There is no doubt that a heap of overseas investors buying new property in Australia is great for our economy.
It provides thousands of jobs in the construction industry and flows international cash into our coffers.
However, there can be a downside for local investors who get caught up in the hype.
International investors are largely uneducated to the ways and value of the Australian property market. They rely heavily on the advice from sales people who use slick marketing techniques to sell their wares.
Overseas buyers can and often do pay too much for property because they do not fully understand the market they are entering.
In addition, the motivation of overseas buyers may be at odds with their local counterparts. As a rule Australian buyers purchase property to provide a roof over their heads and to make money.
While most overseas investors want to make money they also buy property in Australia to assist with plans of migration into the country. They are often also motivated by the need to get their money out of the country they live in because the economy may be too unstable.
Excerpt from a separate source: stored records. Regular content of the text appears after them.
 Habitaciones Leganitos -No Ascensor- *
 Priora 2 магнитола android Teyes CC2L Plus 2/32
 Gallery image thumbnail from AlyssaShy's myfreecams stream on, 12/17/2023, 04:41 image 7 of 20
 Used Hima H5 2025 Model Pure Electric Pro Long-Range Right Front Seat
Australia has a very well established system of property ownership and for foreigners, so even if their property loses value, at least they can be certain they will maintain control of their asset.
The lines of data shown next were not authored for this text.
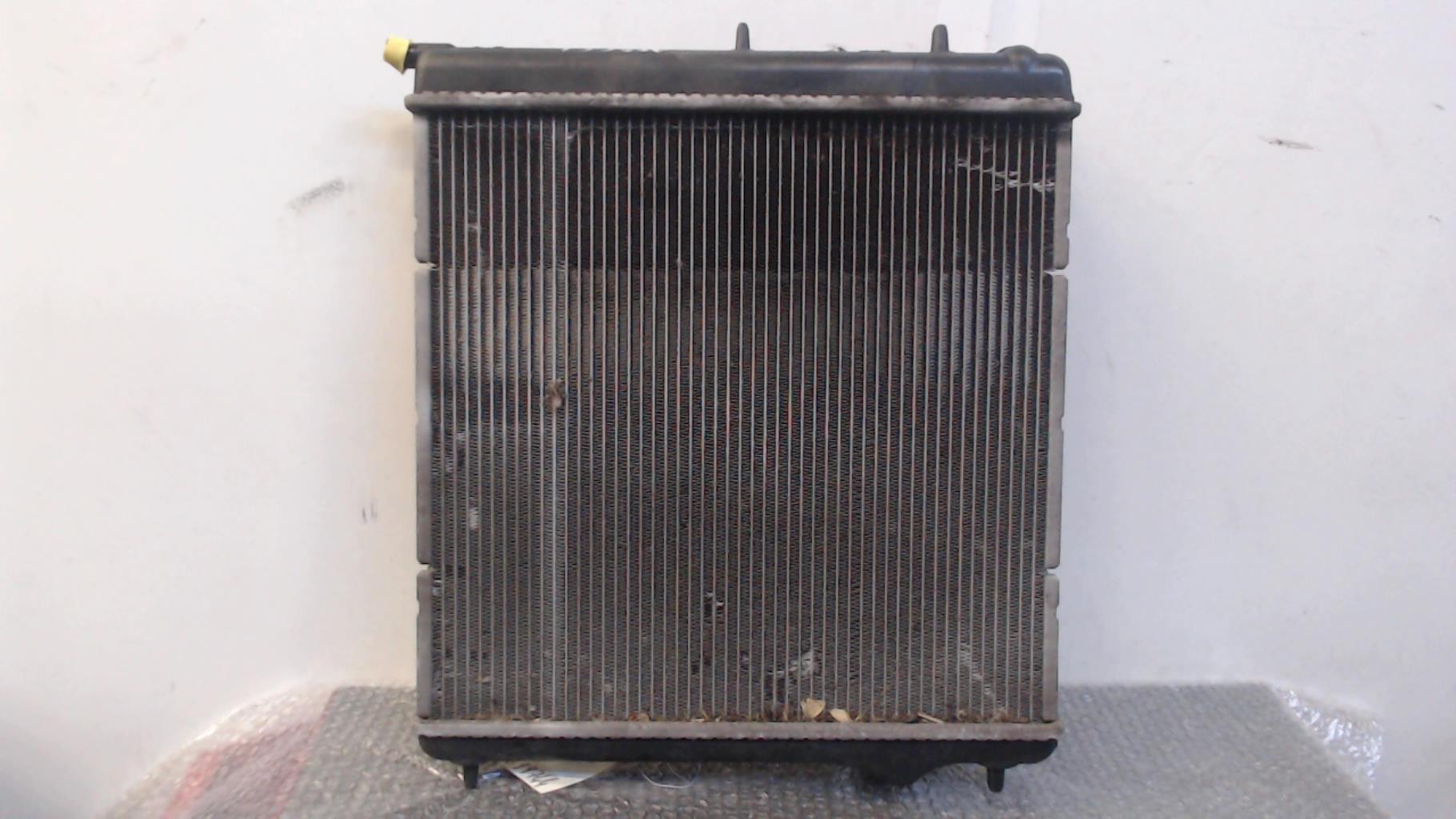 Radiateur eau PEUGEOT 208 1 PHASE 2 Essence - 1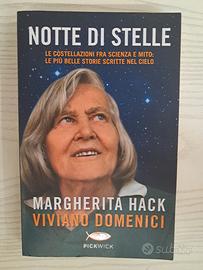 Notte di stelle, Margherita  Hack & Domenici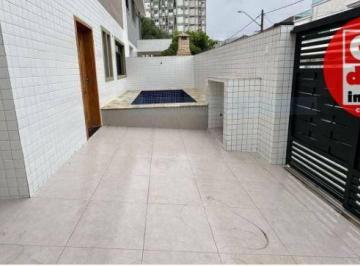 149f9ec743c211ab78b66f0b47f90f6b80afc272 · Casa com 3 dormitórios à venda, 140 m² por R$ 1.515.000,00 - Vila Belmiro - Santos/SP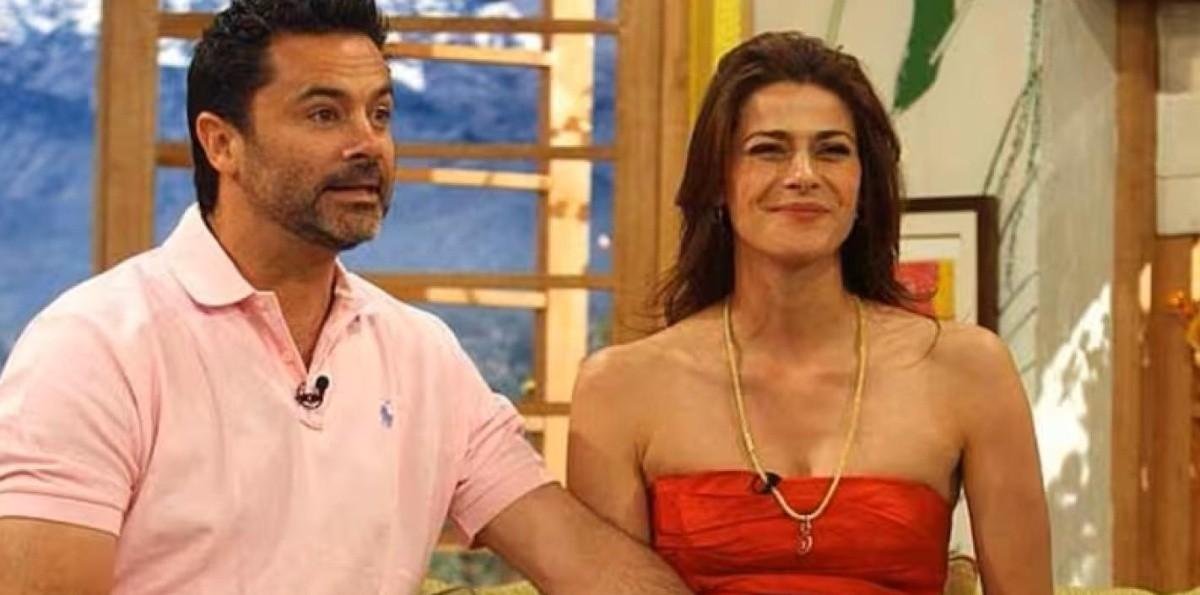 "Él se me declaró": Tonka Tomicic revela desconocido coqueteo con Felipe Camiroaga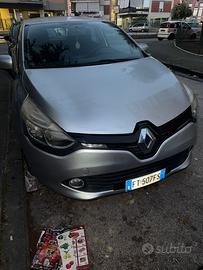 RENAULT CLIO 2016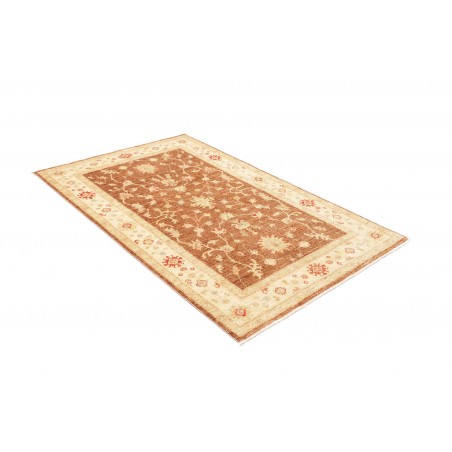 Tappeto Zigler Fine Pakistan marrone 118x186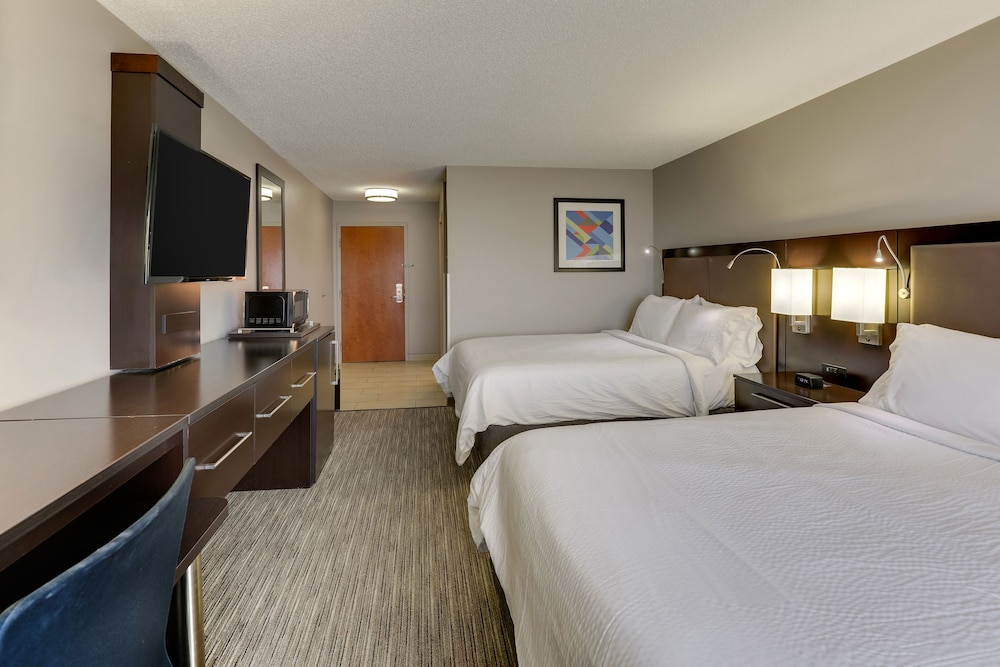 holiday inn express and suites montpelier by ihg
From afar they view the Australian property market as a safe haven that has held its feet while global property markets have faltered.
Australia has traditionally had stringent foreign investment laws and although these have been relaxed in recent years buying into new developments is an easy way for foreigners to get a foothold in the market.
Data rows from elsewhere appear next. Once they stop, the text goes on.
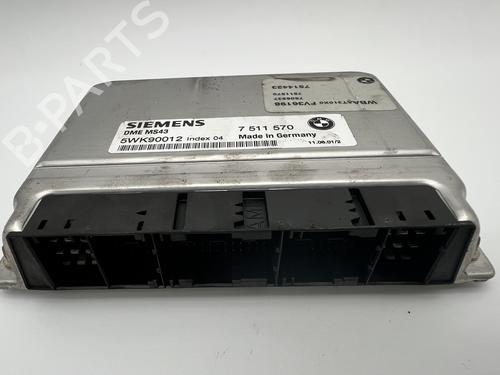 Engine control unit (ECU) BMW 3 Compact (E46) 325 ti | BP39670030M57  - Image 6
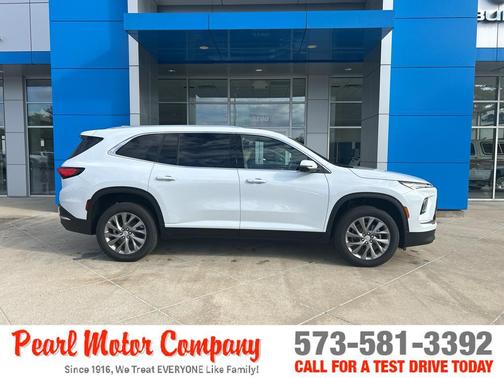 2026 Buick Enclave Preferred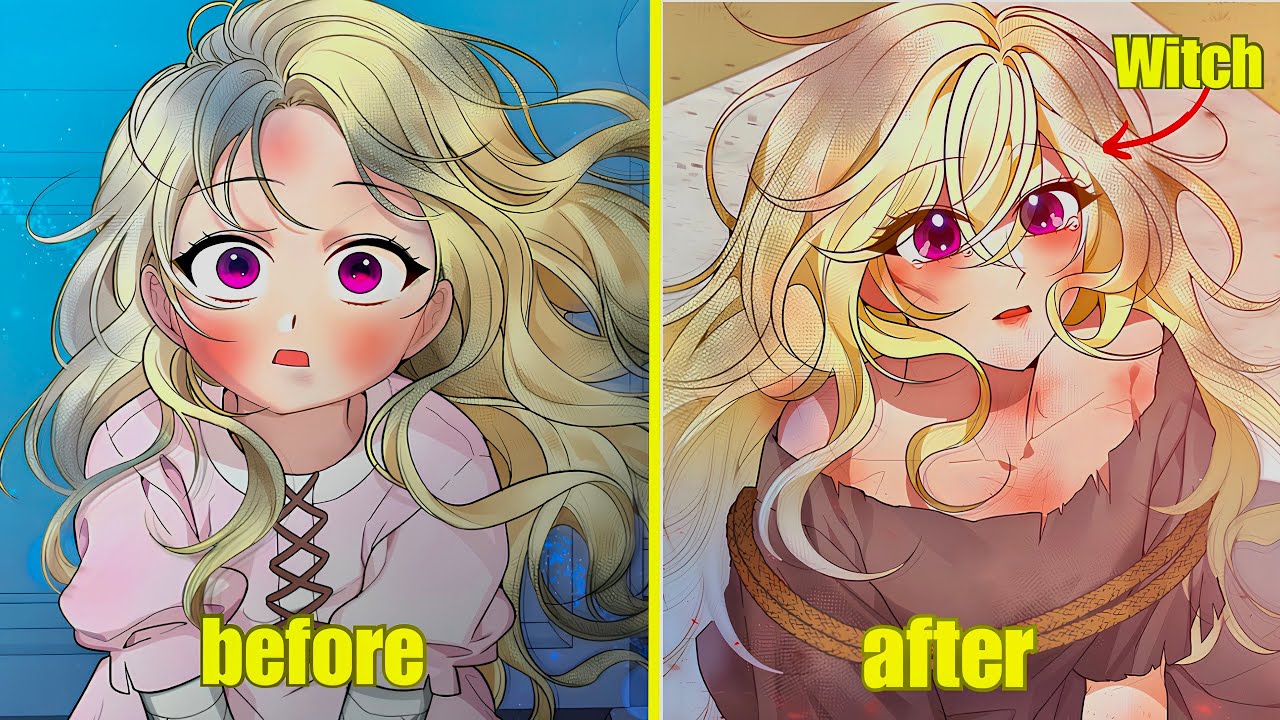 She Was The Daughter Of The Strongest Witch In The World Where You Can't Use Magic Manhwa Recap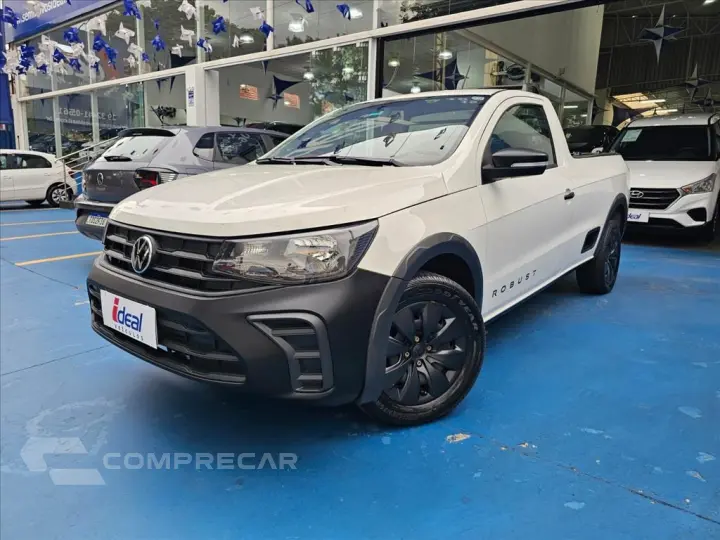 SAVEIRO 1.6 MSI ROBUST CS 16V FLEX 2P MANUAL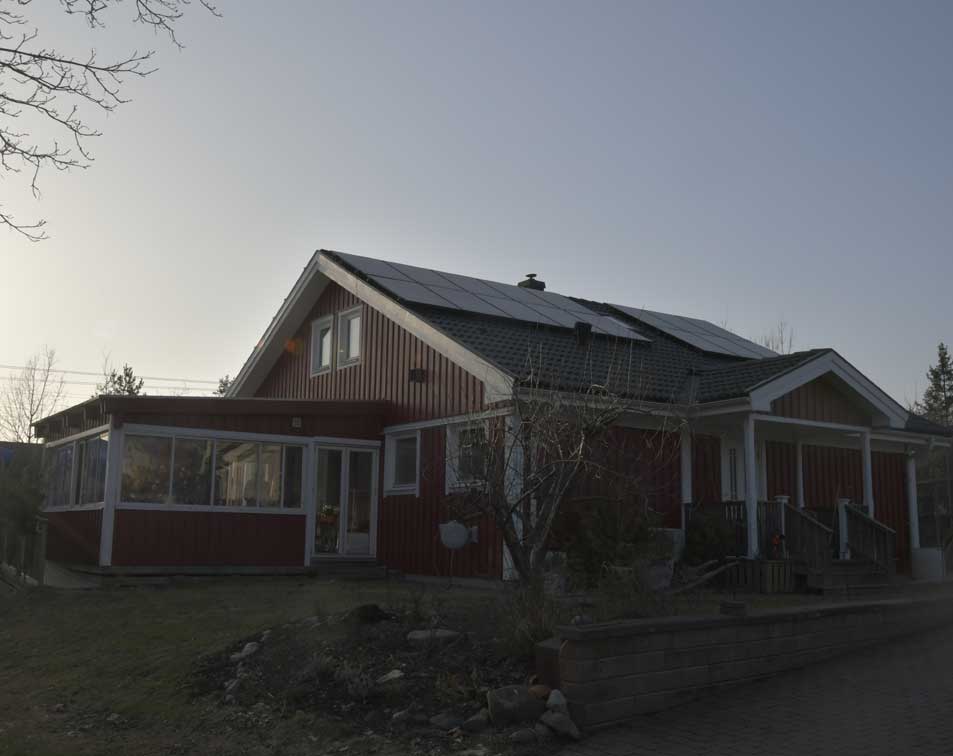Starskys Hus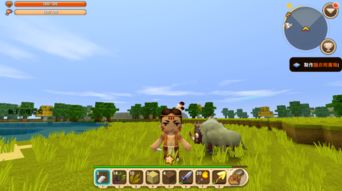 迷你世界怎麼才有牛,《迷你世界》中如何馴服牛造一個牛廠?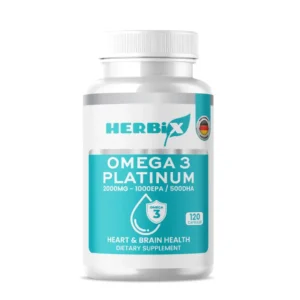 Omega 3 Platinum 2000 mg 120 capsule  Herbix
Take for example this development (pictured below) on Mt Alexander Road, Flemington in Melbourne’s inner north.

These properties have been marketed to international buyers fetching prices well in excess of $500,000. Once a number of properties have been sold this sets a precedent to determine value of the remaining properties and gives the sales team very powerful tools to market the remaining apartments.
From here the valuers now have data to justify their valuations to the banks to allow funds to be lent against the apartments. The main concern is the valuations have been based on sales to players that are operating under different rules with a range of motivations.
As resales of these apartments begin to hit the market we start to see the impact on the investor. The problem is the foreign buyers who are lining up to buy Australian property are not able to compete in the secondary market due to foreign investment restrictions. Further the marketing incentives such as stamp duty savings and rental guarantees are no longer there. As a result the demand is significantly dampened.
The greatest danger an investor faces is the resale of a new property the first time around because the property value must adjust to a true market value.
For example, unit 1213 in this development was purchased in 2010 for $582,500 and while the market conditions where very strong at the time the recent resale price is out of whack with what happened in the broader market. The property sold in late 2012 for $476,000, taking almost a 20% hit on its original sale price.